I have a few aesthetic goals here. First my experience of poetry is as world building, it is the rupture that creates or elucidates a new experience that other people can share and inhabit.  What do I value in poetry, and in my particular project on eros?

I identified

rhythm to create the topology of the world

metaphor as a method of creating new contexts and perspectives

language as a way to introduce surprise and to create new languages

lineage (not the perfect term) as a way to situate this piece as a dialogue with other creative works

There are many other things I could include here such as ideas, inventiveness, multimedia, and so forth but these 4 items are what I am focusing on. Truly focus on 1 would be enough.

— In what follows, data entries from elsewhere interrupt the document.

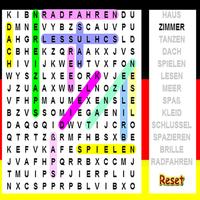 3 Schermata German Word Search -  FREE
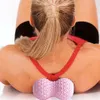 Massagestenar Rocks Foot Peanut Ball Relaxation Fascia Yoga Cervical Vertebra Acupoints Beauty Health Fitness Equipment 230718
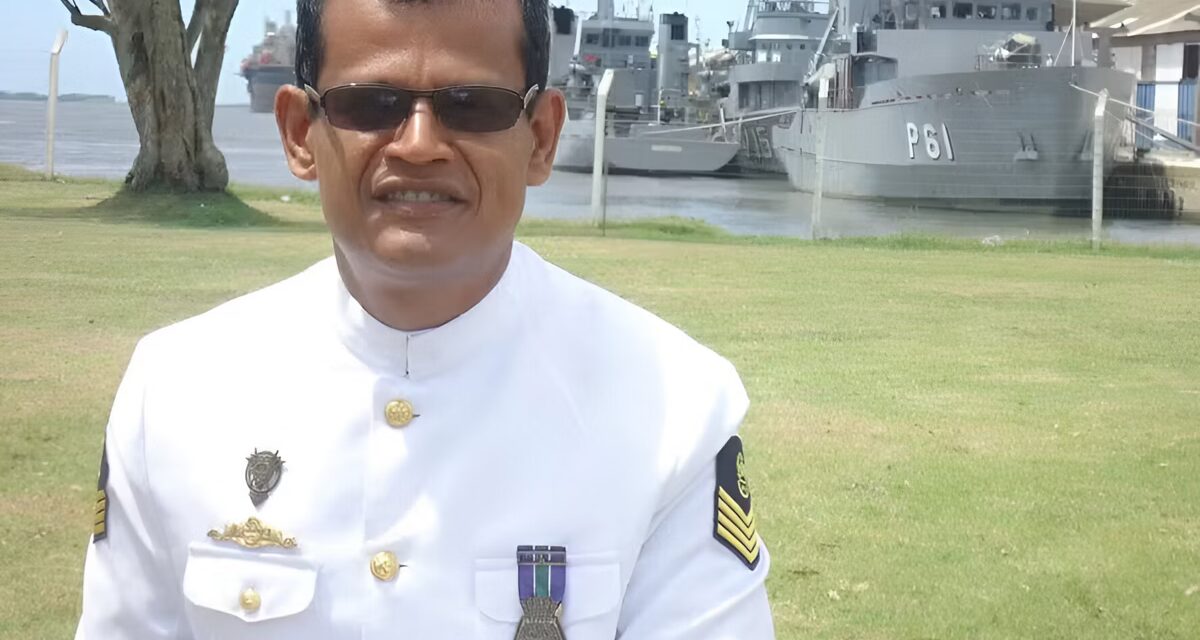 Marinha expulsa primeiro militar condenado por participar dos atos de 8 de janeiro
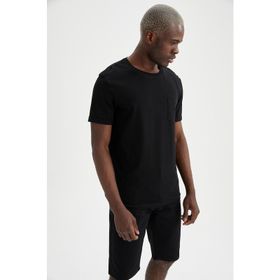 DeFacto 224566734 Erkek T-shirt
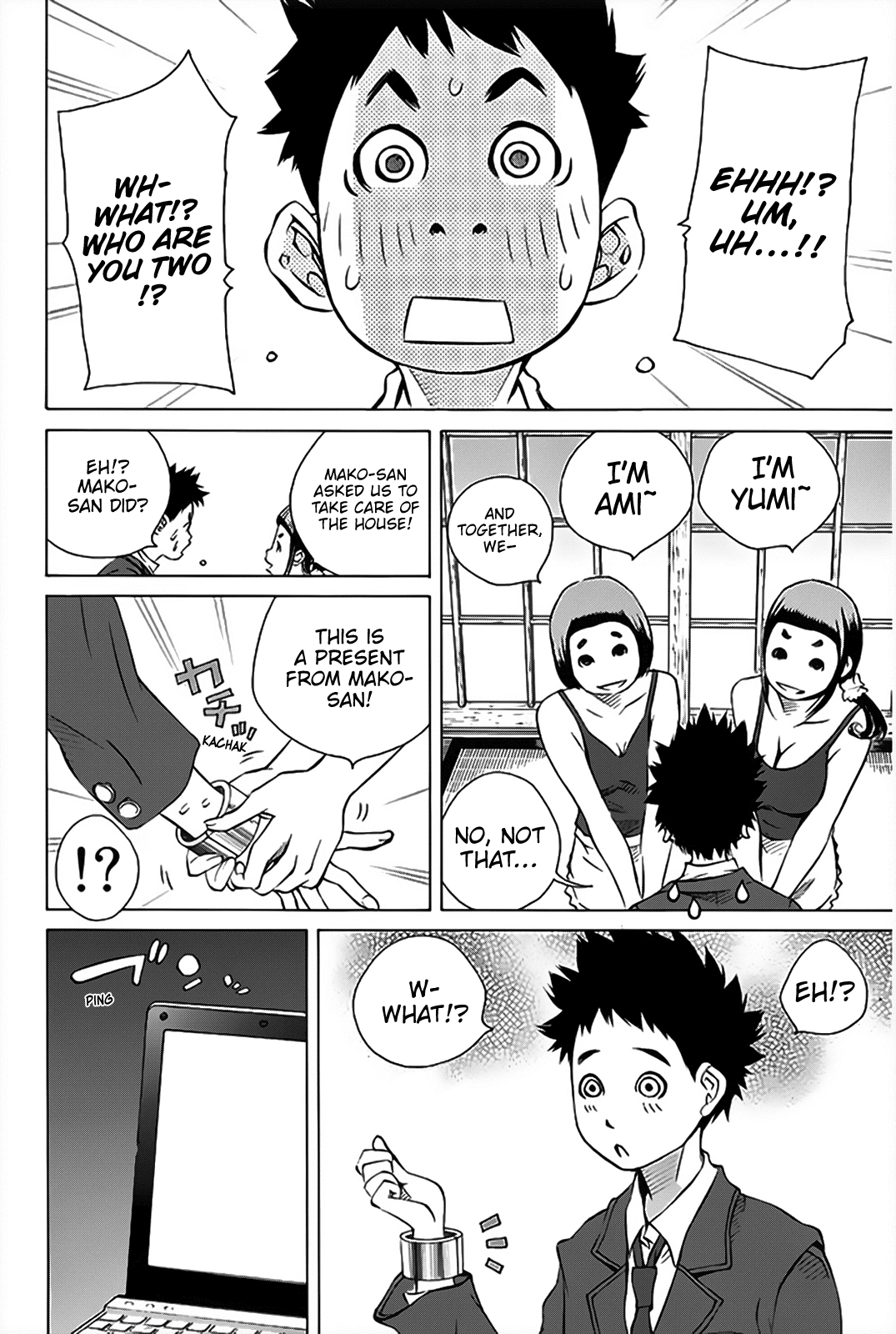 Pastel Chapter 148 page 37 - Chapter 148: In the Gap Between Big and Small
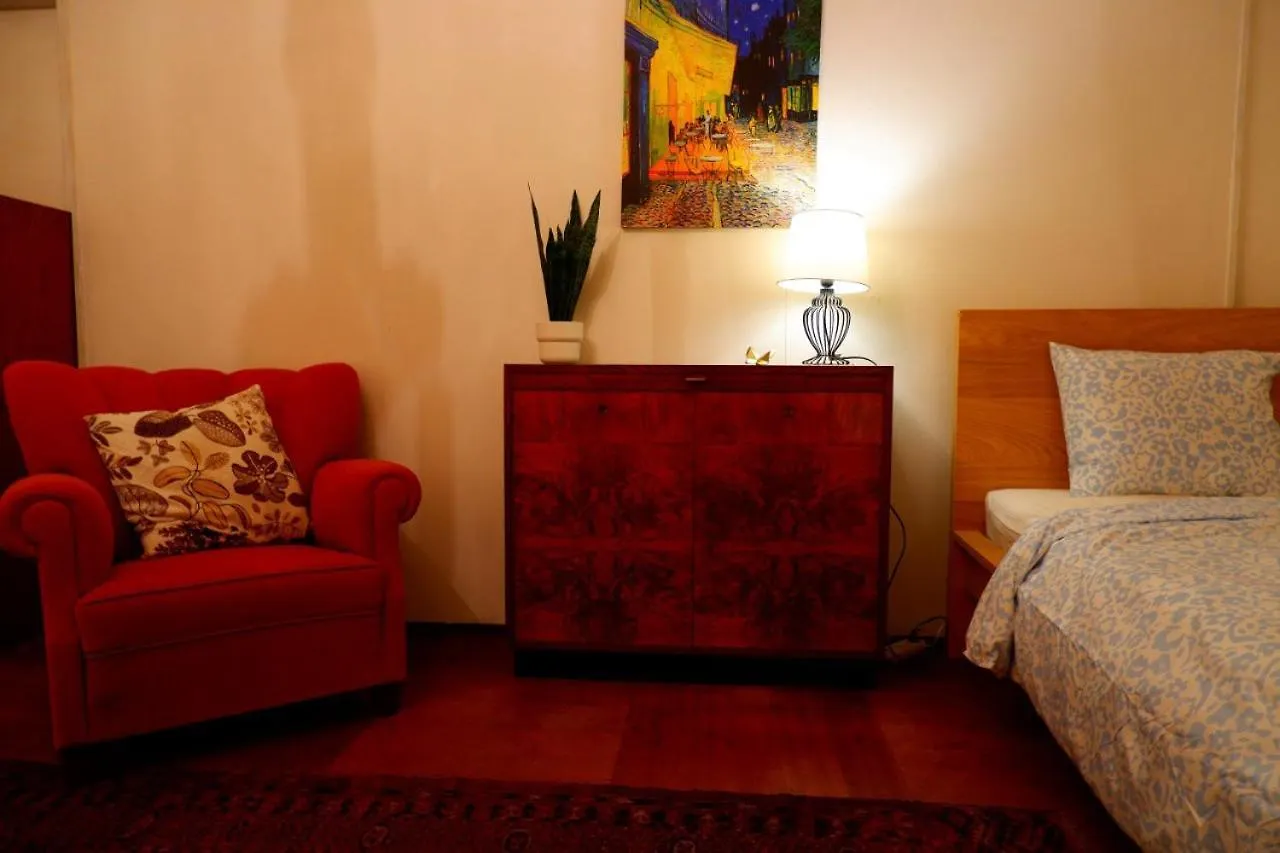 Rooms Udolni - Cerveny Kostel Brno Çek Cumhuriyeti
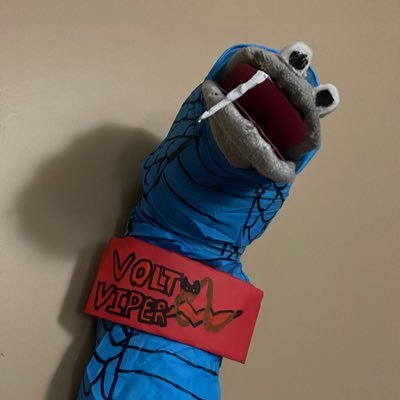 SivleFred's profile picture. Your friendly sock puppet account! Part-time pangolin/ferret, hence furries.  🐍 #1 Gary de’Snake fan! 🐍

As I am working through my material I am coming up with different processes (the scaffolding, jigs or apparatus) to help refine the work in each of these areas. This is coming in the form of traditional writing exercises, but also in the guise of creating computer program, and musical pieces. What other scaffolding can I use? Perhaps games or dance!  Part of my experience in writing this chap book is the process through which I am refining the material into a finished piece and what that means.  This is alchemy, a personal process as well as an external process.

Aside from the scaffolding, I am also reading a ton of poetry with an eye for these 4 aspects: rhythm, metaphor, language, lineage.   The first poet I took a deep dive was Lisa Roberson and I will probably write more about her in a future post.